I've been using Knime for the past couple of days for some text analysis on social media posts, mostly to identiy frequent keywords and topics. I've handling it pretty well, but had an issue when using TF node, with absolute value. Although a document contains only once or twice a specific word, TF is showing the number double, meaning, when there's once, it shows 2, and when it has 2, it shows 4, and so on. Any tips?

Thanks!

Gustavo Velho

Fab72 · April 18, 2016, 5:54pm

Dear all,
I experience the same problem as Gustavo.
Thanks for your feedback Kilian :-)

Fabrice Latchurie

Geo · April 19, 2016, 12:15am

You've probably allocated the same column to Title and Full Text (because Strings to Document node forces you to choose a column for each).

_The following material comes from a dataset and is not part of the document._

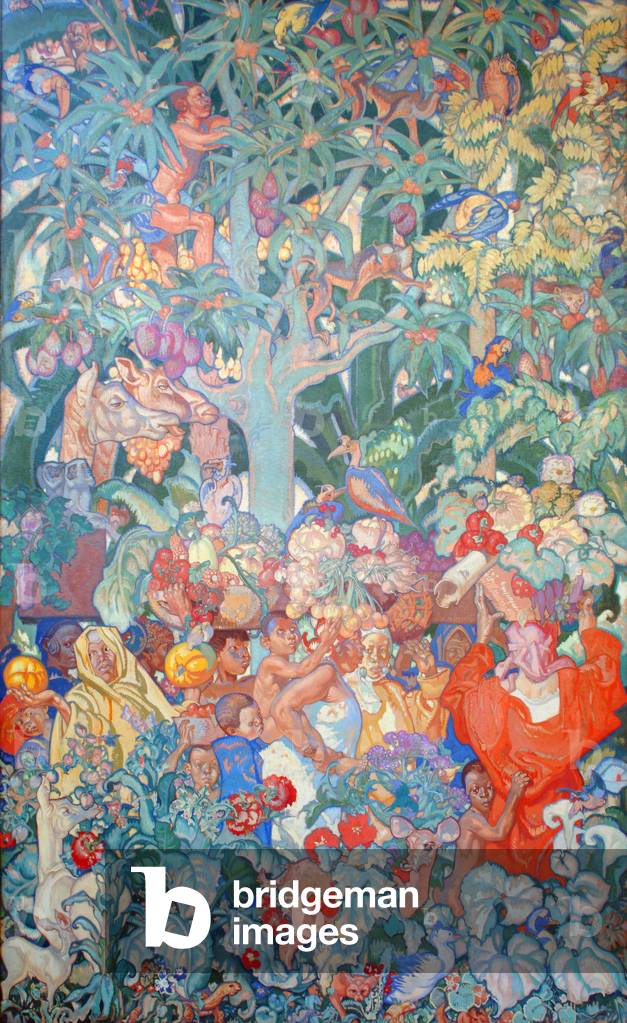 British Empire Panel 12, um 1930 (Öl auf Leinwand)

TF nodes counts the words in both Title and Full Text. You can see why using the Document Viewer node - double click on any line.

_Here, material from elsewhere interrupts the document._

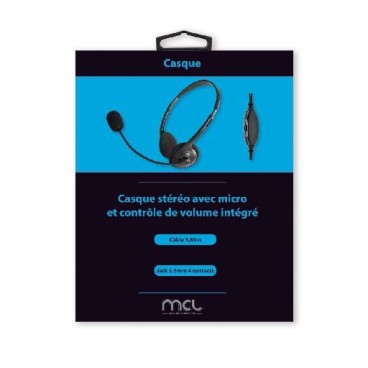 MCL CSQ-M2 NZ écouteur casque Arceau Connecteur de 3,5 mm Noir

A workaround is that before Strings to documents, you should create an empty column named e.g. fulltext and allocate it to Full Text in the Strings To Document node.

An alternative workaround is to divide the term frequency by 2 using Math node.

kilian.thiel · April 21, 2016, 1:11pm

Geo mentioned exactly the same idea that I was going to ask as well. The title will be considered as well when counting words. Are you using the same string column for title and text?

Cheers, Kilian

Fab72 · May 9, 2016, 12:58pm

Many thanks for your comments!
You are right, it was due to the the Title and the Full text.

Fabrice

gustavo.velho · May 20, 2016, 8:23pm

Hi all,

Thanks for your help on this! I figured that out later, after I went on a vacation (why I'm getting back to community only now :) ), and recently I started playing with Knime again.

Again, thanks! This tool is really awesome.

Gustavo Velho

system · June 2, 2023, 9:48pm

This topic was automatically closed 90 days after the last reply. New replies are no longer allowed.